What to work on
From the first line to the last, repeat the records exactly and skip the pictures.

Data section
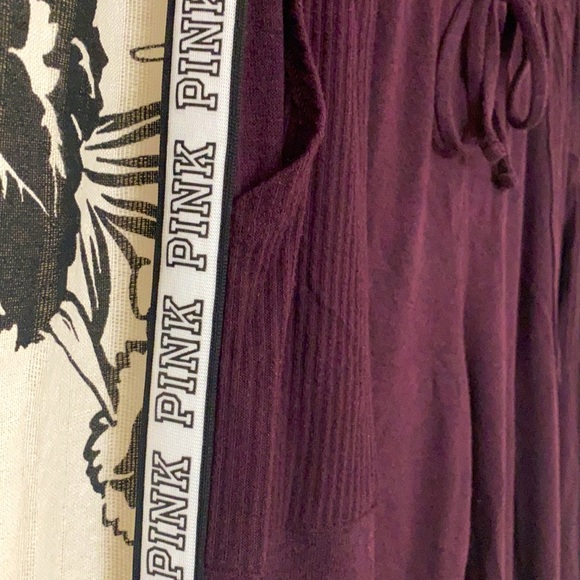 PINK purple maroon sweatpants with drawstring, pockets, and pink logo on pant - Picture 2 of 3
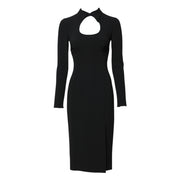 Dolce & Gabbana Black Long Sleeves Bodycon Sheath Midi Dress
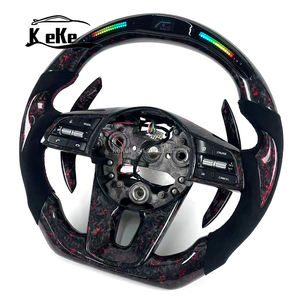 Volant de course à fond plat en carbone forgé rouge LED avec palettes de changement de vitesse pour <span class=keywords><strong>KIA</strong></span> Forte K5 KX5 <span class=keywords><strong>GT</strong></span> <span class=keywords><strong>GT</strong></span> <span class=keywords><strong>Line</strong></span> 2021 2025 - Product Image 3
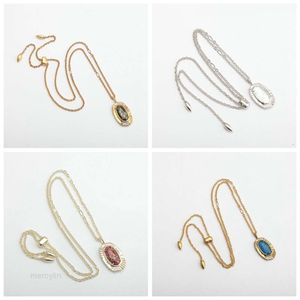 2024 Designer Kendrascott Jewelry Fashion Jewelry Anna Series Large Obsidian Red Brown Stone Cat Eye Collier Multi couleur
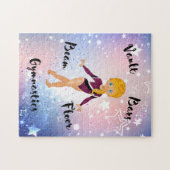 ギムナストスターブロンド、ブルーアイズ、ブルゴーニュ・レオタード ジグソーパズル (横)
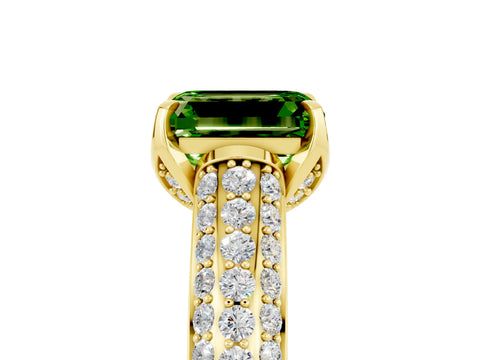 Yellow gold Emerald Cut Peridot Solitaire Ring with Three-Row Pavé Band and Four-Prong Setting_17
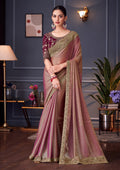 Monjolika Fashion Pink Embroidered Double Tone Silk Blend Designer Saree | Grocsy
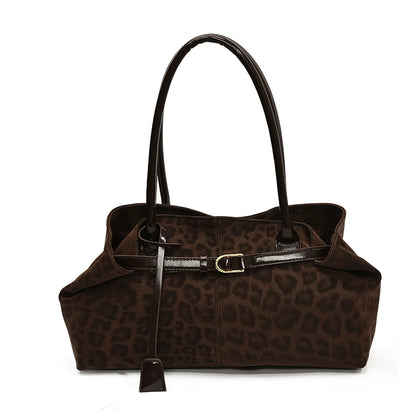 Newly Leopard PU Leather Shoulder Bags for Women Luxury Designer Brand Trend Tote Bag Females Short Handle Handbags and Purses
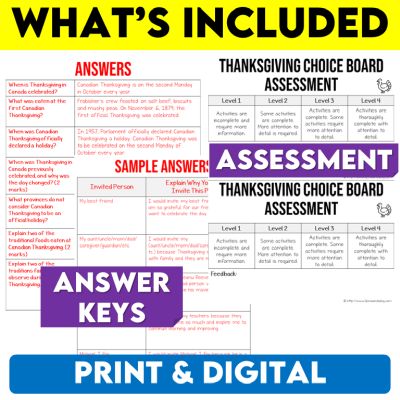 Middle School Canadian Thanksgiving Activities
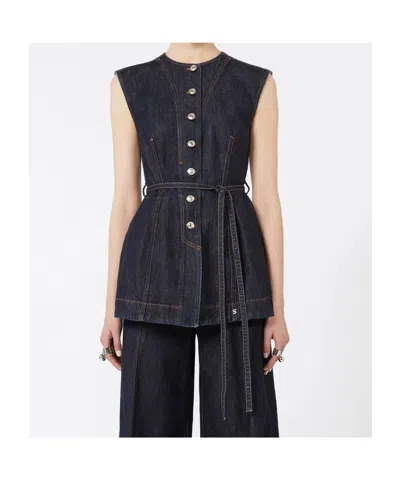 Sportmax Blue Solid Round Neck Top In Blue
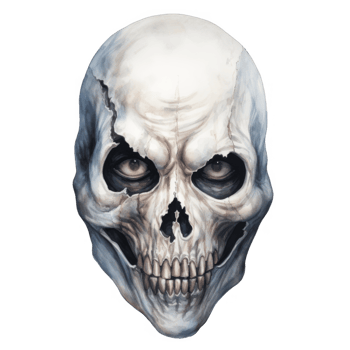 A Realistic Watercolor Painting of a Skull Mask with Glaring Eyes png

Written solution
 PINK purple maroon sweatpants with drawstring, pockets, and pink logo on pant - Picture 2 of 3
 Dolce & Gabbana Black Long Sleeves Bodycon Sheath Midi Dress
 Volant de course à fond plat en carbone forgé rouge LED avec palettes de changement de vitesse pour <span class=keywords><strong>KIA</strong></span> Forte K5 KX5 <span class=keywords><strong>GT</strong></span> <span class=keywords><strong>GT</strong></span> <span class=keywords><strong>Line</strong></span> 2021 2025 - Product Image 3
 2024 Designer Kendrascott Jewelry Fashion Jewelry Anna Series Large Obsidian Red Brown Stone Cat Eye Collier Multi couleur
 ギムナストスターブロンド、ブルーアイズ、ブルゴーニュ・レオタード ジグソーパズル (横)
 Yellow gold Emerald Cut Peridot Solitaire Ring with Three-Row Pavé Band and Four-Prong Setting_17
 Monjolika Fashion Pink Embroidered Double Tone Silk Blend Designer Saree | Grocsy
 Newly Leopard PU Leather Shoulder Bags for Women Luxury Designer Brand Trend Tote Bag Females Short Handle Handbags and Purses
 Middle School Canadian Thanksgiving Activities
 Sportmax Blue Solid Round Neck Top In Blue
 A Realistic Watercolor Painting of a Skull Mask with Glaring Eyes png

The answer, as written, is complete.